Search the records below for the string "Protein", and report each line that contains it.

**Provided records:**
*** Block opens ***

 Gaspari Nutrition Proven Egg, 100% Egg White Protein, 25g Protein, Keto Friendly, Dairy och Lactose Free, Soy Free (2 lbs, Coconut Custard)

*** Block closes ***
*** Block opens ***

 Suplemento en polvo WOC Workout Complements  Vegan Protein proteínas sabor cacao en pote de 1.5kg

*** Block closes ***
*** Block opens ***

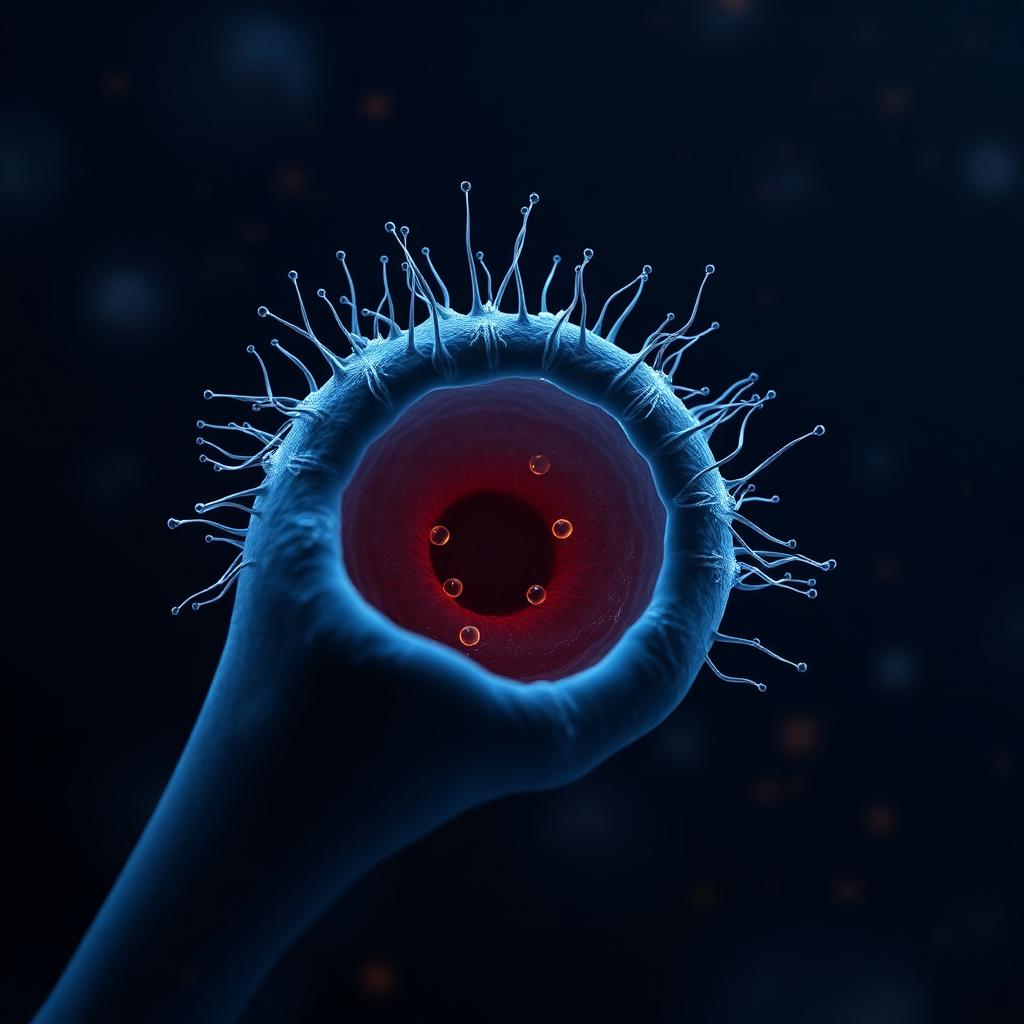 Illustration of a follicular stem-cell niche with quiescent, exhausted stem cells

*** Block closes ***

**Response to the task:**
 Gaspari Nutrition Proven Egg, 100% Egg White Protein, 25g Protein, Keto Friendly, Dairy och Lactose Free, Soy Free (2 lbs, Coconut Custard)
 Suplemento en polvo WOC Workout Complements  Vegan Protein proteínas sabor cacao en pote de 1.5kg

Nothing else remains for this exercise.